Warganet lain juga mengingatkan pentingnya etika komunikasi bagi seorang pembawa acara, terlebih dalam kegiatan resmi yang dihadiri pejabat publik.
“Belajar dari sini, setiap MC berhati-hati. Bijaklah dan perlengkapi diri kalian dengan ilmu yang benar,” tulis akun lainnya.
Tak sedikit pula yang mempertanyakan alasan penggunaan MC tersebut dalam acara besar tingkat provinsi.
“Dia berani bilang ‘Jalan depan rumahnya?’ kenapa kualitas MC seperti ini digunakan di acara besar sih?” tulis seorang pengguna media sosial.

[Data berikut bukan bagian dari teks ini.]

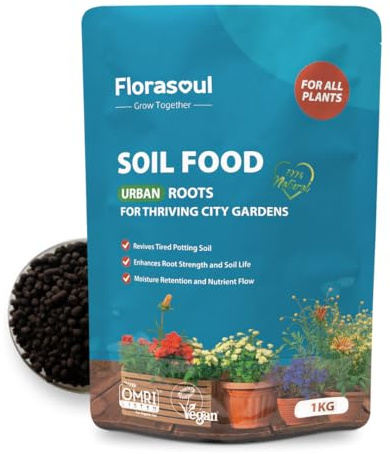 Florasoul® | Attivatore BIO per Terriccio | Rivitalizza Terra Esausta, con Riserva d'Acqua e Nutrienti | per Piante in Vaso, da Interno e Balcone | Urban Gardening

Sementara warganet lainnya menilai penonton sebenarnya sudah menjelaskan lokasi jalan yang dimaksud secara cukup jelas.
“Itu padahal udah dikasih tahu dengan jelas, masih aja yang nanya yang mana,” tulis komentar lain.
Hingga kini, video tersebut masih ramai dibicarakan di berbagai platform media sosial dan memicu diskusi mengenai etika pembawa acara dalam menanggapi aspirasi masyarakat di ruang publik.